On 02/01/2012 04:42, John Baldwin wrote:
> On Tuesday, January 31, 2012 9:23:12 pm Doug Barton wrote:
>> On 01/31/2012 08:49, John Baldwin wrote:
>>> A co-worker ran into a race between updating a cron tab via crontab(8) and 
>>> cron(8) yesterday.  Specifically, cron(8) failed to notice that a crontab 
>>> was 
>>> updated.  The problem is that 1) by default our filesystems only use second 
>>> granularity for timestamps and 2) cron only caches the seconds portion of a 
>>> file's timestamp when checking for changes anyway.  This means that cron 
>>> can 
>>> miss updates to a spool directory if multiple updates to the directory are 
>>> performed within a single second and cron wakes up to scan the spool 
>>> directory 
>>> within the same second and scans it before all of the updates are complete.
>>>
>>> Specifically, when replacing a crontab, crontab(8) first creates a 
>>> temporary 
>>> file in /var/cron/tabs and then uses a rename to install it followed by 
>>> touching the spool directory to update its modification time.  However, the 
>>> creation of the temporary file already changes the modification time of the 
>>> directory, and cron may "miss" the rename if it scans the directory in 
>>> between 
>>> the creation of the temporary file and the rename.
>>>
>>> The "fix" I am planning to use locally is to simply force crontab(8) to 
>>> sleep 
>>> for a second before it touches the spool directory, thus ensuring that it 
>>> the 
>>> touch of the spool directory will use a later modification time than the 
>>> creation of the temporary file.
>>
>> If you really want cron to have sub-second granularity I don't see how
>> you could do it without using flags.
>>
>> crontab open sets flag that it is editing a file
>> crontab close        clears "editing" flag, sets "something changed" flag
>>              (if something actually changed of course)
>>
>> cron checks existence of "something changed" flag, pulls the
>>      update if there is no "editing" flag, clears "changed" flag
> 
> I don't want it to have sub-second granularity,

Ok, I was interpolating, sorry if I misinterpreted your intentions.

> I just want to make
> 'crontab -e' more reliable so that cron doesn't miss edits.  cron is
> currently using the mod-time of the spool directory as the 'something
> changed' flag (have you read the cron code?).

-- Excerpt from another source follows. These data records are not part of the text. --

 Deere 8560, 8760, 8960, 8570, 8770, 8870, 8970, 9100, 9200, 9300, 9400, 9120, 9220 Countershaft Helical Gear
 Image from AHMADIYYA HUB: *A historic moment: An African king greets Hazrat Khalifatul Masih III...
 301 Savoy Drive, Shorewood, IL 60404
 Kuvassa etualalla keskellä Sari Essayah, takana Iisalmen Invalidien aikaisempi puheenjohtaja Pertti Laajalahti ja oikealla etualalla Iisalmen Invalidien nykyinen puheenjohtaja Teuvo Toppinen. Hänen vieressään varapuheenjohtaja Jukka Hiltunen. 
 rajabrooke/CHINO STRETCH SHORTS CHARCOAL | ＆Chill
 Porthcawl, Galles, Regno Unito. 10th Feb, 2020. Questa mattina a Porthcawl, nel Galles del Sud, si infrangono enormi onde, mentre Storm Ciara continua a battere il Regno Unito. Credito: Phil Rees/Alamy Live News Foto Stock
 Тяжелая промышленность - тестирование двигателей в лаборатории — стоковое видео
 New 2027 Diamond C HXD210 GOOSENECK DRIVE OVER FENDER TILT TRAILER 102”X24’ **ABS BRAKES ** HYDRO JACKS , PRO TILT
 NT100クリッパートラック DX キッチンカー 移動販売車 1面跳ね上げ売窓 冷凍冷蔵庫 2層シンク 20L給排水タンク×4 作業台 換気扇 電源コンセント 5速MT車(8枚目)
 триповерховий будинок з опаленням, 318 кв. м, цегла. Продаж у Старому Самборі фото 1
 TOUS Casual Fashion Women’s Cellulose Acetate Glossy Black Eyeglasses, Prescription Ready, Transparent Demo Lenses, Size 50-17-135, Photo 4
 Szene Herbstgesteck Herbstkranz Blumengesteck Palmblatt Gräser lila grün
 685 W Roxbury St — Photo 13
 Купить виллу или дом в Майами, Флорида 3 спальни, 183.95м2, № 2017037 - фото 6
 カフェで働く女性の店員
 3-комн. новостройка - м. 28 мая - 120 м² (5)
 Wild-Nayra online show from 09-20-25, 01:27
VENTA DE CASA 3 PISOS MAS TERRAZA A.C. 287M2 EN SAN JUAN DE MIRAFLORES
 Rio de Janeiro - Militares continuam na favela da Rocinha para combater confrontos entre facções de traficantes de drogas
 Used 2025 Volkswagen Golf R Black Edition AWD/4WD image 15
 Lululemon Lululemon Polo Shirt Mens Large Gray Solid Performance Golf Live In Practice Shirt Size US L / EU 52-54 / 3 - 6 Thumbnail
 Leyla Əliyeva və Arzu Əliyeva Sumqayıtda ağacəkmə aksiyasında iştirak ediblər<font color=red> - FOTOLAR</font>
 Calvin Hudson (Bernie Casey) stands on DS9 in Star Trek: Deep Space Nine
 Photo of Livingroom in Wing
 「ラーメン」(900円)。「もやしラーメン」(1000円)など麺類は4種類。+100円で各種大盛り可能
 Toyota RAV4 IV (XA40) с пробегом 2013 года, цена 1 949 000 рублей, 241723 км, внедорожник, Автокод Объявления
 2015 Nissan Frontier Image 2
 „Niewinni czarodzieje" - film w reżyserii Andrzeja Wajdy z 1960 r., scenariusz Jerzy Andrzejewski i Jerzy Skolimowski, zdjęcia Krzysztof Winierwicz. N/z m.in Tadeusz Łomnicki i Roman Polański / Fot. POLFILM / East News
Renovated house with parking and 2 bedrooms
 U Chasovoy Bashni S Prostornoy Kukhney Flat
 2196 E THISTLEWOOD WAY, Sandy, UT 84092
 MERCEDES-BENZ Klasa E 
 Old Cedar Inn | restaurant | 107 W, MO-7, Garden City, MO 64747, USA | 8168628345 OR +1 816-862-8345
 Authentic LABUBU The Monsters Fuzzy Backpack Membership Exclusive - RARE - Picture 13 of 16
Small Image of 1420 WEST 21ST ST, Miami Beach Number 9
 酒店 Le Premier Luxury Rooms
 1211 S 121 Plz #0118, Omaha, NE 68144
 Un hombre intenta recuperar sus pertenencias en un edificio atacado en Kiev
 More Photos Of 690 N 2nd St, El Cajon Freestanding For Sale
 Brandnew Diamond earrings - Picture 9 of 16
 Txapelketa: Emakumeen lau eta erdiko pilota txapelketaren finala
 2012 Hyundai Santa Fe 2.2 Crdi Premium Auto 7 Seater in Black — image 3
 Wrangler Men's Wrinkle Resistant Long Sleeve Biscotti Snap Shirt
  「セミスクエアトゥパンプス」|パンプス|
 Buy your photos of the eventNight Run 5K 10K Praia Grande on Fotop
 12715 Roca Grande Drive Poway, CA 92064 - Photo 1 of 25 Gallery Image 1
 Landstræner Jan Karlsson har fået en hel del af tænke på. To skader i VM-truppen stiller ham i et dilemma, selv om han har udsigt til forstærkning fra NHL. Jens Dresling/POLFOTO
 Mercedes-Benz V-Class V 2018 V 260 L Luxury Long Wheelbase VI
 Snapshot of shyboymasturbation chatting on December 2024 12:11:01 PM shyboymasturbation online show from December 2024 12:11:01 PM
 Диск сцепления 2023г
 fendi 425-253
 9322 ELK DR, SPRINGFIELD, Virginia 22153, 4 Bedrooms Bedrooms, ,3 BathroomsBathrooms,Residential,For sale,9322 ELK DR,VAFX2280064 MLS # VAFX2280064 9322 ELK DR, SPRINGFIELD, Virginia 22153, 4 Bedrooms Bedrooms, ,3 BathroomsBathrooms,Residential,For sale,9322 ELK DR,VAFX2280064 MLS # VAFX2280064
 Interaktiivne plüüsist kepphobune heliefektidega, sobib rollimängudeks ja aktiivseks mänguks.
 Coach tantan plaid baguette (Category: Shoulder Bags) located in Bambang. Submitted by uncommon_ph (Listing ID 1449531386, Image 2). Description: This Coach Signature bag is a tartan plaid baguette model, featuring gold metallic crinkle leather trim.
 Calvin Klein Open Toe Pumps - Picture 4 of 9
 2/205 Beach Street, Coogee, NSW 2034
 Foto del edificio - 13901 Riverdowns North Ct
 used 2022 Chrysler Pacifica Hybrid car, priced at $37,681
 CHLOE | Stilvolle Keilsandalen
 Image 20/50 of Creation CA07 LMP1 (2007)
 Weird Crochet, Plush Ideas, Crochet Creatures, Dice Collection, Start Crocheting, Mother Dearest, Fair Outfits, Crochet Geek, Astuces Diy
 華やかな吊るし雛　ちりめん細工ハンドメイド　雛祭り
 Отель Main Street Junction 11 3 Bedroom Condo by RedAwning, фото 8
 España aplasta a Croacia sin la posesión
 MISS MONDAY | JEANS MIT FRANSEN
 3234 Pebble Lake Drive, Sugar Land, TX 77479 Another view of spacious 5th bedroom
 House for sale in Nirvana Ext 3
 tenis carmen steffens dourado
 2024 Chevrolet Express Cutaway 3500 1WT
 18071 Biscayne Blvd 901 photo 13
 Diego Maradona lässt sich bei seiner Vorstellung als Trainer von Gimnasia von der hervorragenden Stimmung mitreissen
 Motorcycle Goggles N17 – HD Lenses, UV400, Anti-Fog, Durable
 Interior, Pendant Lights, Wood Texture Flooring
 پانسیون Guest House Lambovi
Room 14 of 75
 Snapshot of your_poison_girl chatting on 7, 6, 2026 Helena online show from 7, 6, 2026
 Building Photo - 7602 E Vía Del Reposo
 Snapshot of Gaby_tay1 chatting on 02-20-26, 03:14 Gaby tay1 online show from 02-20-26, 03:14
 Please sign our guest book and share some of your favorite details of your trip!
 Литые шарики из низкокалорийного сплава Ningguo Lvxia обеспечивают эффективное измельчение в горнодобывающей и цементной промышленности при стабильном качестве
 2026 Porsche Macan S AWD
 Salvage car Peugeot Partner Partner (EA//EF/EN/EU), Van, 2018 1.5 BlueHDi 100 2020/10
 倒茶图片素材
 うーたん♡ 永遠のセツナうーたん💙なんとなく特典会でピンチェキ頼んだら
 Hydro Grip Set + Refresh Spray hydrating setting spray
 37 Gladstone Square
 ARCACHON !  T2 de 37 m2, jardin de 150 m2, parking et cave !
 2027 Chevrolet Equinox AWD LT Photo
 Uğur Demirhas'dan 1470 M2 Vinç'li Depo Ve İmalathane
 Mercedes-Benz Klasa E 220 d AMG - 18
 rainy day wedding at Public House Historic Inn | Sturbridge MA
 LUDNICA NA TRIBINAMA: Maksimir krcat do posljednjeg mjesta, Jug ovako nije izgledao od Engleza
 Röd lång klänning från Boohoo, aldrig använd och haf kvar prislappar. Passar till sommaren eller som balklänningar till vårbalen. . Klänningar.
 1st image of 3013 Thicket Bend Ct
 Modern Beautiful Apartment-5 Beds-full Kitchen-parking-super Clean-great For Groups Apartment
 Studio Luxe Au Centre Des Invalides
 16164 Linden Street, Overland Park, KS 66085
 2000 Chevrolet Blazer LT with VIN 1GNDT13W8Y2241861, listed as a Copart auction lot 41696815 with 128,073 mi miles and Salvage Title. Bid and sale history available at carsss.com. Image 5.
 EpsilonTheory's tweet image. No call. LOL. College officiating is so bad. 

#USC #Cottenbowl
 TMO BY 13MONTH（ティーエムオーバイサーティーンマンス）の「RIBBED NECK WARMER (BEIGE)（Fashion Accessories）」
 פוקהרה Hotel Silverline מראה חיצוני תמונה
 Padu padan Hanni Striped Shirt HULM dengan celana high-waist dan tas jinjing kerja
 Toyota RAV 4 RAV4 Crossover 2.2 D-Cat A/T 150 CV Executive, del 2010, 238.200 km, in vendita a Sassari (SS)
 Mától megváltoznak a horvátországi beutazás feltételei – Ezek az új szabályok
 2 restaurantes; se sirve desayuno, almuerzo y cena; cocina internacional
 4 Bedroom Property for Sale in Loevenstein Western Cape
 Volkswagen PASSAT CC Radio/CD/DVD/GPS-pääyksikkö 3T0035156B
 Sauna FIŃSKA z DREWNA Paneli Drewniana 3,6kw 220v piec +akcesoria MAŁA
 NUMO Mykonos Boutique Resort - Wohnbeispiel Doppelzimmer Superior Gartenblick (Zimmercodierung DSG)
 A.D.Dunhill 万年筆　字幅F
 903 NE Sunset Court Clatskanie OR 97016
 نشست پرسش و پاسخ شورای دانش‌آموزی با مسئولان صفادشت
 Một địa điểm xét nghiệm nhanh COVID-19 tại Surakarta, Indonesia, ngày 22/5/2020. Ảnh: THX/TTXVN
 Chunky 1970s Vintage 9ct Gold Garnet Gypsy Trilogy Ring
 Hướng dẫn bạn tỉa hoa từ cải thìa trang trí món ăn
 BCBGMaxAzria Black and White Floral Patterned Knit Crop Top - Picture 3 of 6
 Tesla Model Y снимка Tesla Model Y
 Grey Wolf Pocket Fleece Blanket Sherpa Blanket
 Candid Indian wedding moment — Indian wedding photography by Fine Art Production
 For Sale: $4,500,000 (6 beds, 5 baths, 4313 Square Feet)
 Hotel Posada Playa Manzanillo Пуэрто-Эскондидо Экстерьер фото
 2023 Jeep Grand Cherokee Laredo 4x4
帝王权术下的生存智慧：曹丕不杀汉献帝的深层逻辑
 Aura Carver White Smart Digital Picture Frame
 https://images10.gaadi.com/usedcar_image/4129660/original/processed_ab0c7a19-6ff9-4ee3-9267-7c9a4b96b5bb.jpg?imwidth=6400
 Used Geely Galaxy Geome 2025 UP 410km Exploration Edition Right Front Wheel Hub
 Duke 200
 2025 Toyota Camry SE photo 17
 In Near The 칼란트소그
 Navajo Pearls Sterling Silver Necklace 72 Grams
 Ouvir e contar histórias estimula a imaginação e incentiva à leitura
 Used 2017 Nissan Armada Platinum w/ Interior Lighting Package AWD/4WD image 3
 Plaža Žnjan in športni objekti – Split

I understand the spool behavior from history/experience, and I am
relying on your excellent summary for the details. :)

> The problem is that it
> currently can set the 'something changed' flag non-atomically while it is
> updating a crontab.

That much I understood from your post. My response to what it is I think
you're trying to achieve is that it's not likely that you can achieve it
by only using 1 flag, no matter what that 1 flag is. I may be wrong
about that, but hopefully my suggestion gives you some other ideas to
consider.

Meanwhile, I was thinking more about this and TMK cron doesn't actually
*run* jobs with seconds granularity, only minutes, right?  If so then it
seems that the only really important seconds to care about are :59 and
:00. That would seem to present a solution that rather than having cron
wake up every second to see if something has changed that it only do
that at :59 (or however many seconds in advance of :00 that it needs,
although if it's more than 1 I'll be surprised). That limits the race to
someone who writes out a new crontab entry at the point during second
:59 that is after cron wakes up to look but before :00. So that's not a
perfect solution to your problem, but it should limit the race to a very
narrow window without having to modify the code very much.